ベース接地回路の基礎
ベース接地回路はミラー効果の影響が少なく、周波数特性等を改善したいときや、カスコード接続してゲインを上げるなどの味付けを行うことができる回路です。このベース接地回路を自由に使えるかどうかで設計者の実力の差が出ると言っても過言ではありません。では順に考えていきましょう。
1、ベース接地回路の特徴
1、入出力ゲインはエミッタ接地と同等
2、 入力信号に対し出力は反転しない
3、ベース端子がAC接地されるので入力インピーダンスが低い
4、ミラー効果の影響が少なく周波数特性がよい
5、クランプ回路としても用いることができる
2、ベース接地回路の基本動作
Fig.1 ベース接地の基本回路
基本回路構成をFig.1に示します。入力はトランジスタのエミッタ側です。ベース端子はトランジスタが飽和しない範囲にバイアスし、AC接地します。例えば電源電圧が5Vで出力信号が2.5V中心に振れるようにするとします。トランジスタのVCE電圧を仮に1V程度で飽和しないとすると、Vbase=2.5V(電源/2) - 1V(トランジスタのVCE電圧) + 1VF(約0.6V)=2.1VにDCバイアスすればよいことになります。また、コレクタ側には負荷を接続します。
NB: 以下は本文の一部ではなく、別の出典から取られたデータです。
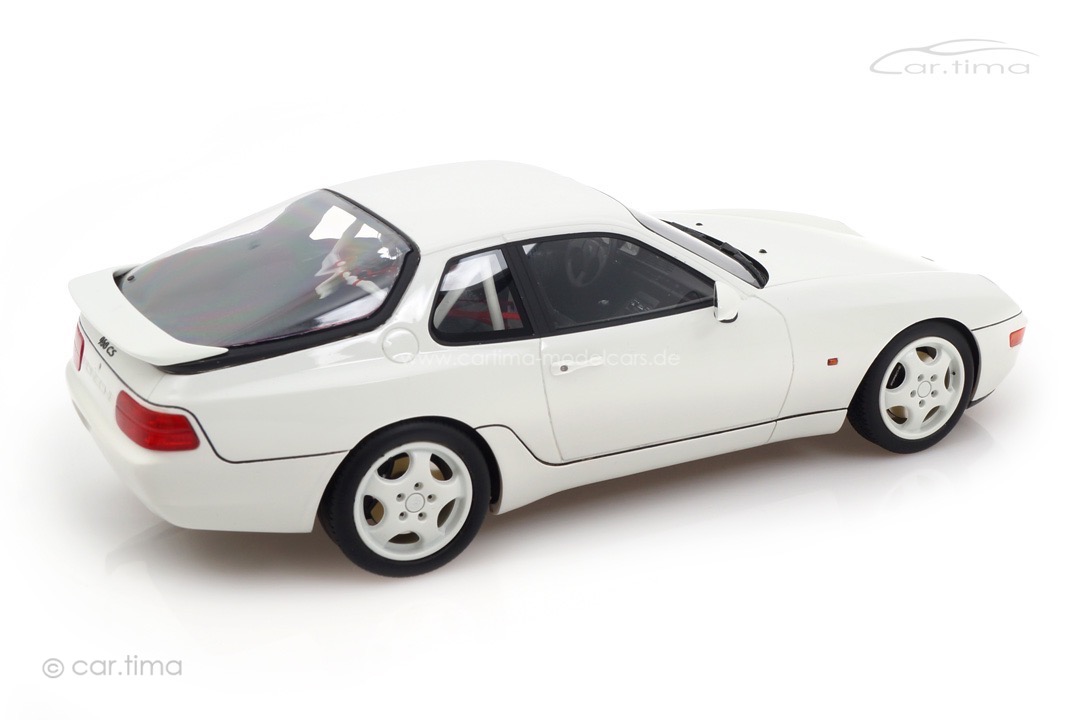 Porsche 968 CS Grandprix-weiß car.tima 1:18 CAR01825017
エミッタ接地回路は、エミッタ端子が一定でベース端子の電圧を変化させエミッタ電流や、コレクタ電流を変化させましたが、ベース接地回路ではベース端子を一定にし、エミッタ端子の電位を変化させ、エミッタ電流や、コレクタ電流を変化させることにより、増幅などの動作を行います。
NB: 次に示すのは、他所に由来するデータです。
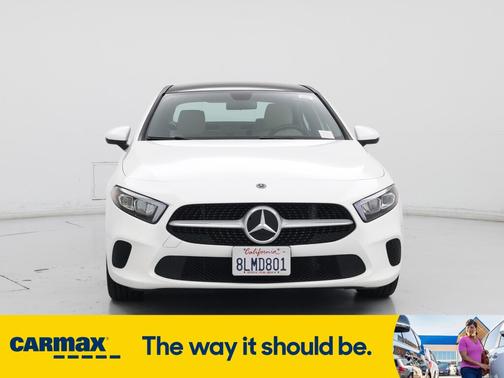 2019 Mercedes-Benz A-Class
ゲインや、入力インピーダンス、出力インピーダンスの計算は
システムLSIのためのアナログ集積回路設計技術〈上〉
などが詳しいです。
3、ベース接地回路のDC特性
基本ベース接地回路のエミッタ入力電圧をスイープし、DC特性をみてみましょう。例えばベース電圧を2VとおいたときにVinをスイープさせ、出力が電源電圧の1/2になるDCバイアス電圧を探してみます。
(a) 回路
(b) 入力電圧対出力電圧
Fig.2 VinのDCスイープ結果
DCスイープSimの解説
ベース端子を2Vにバイアスしたので、入力電圧が2Vマイナス1VF以上の電圧が入力されたときトランジスタはオフし、出力電圧は抵抗でプルアップされたほぼ電源電圧になります。入力電圧が2Vマイナス1VFの約1.4V以下の電圧でエミッタ電流及び、コレクタ電流が流れます。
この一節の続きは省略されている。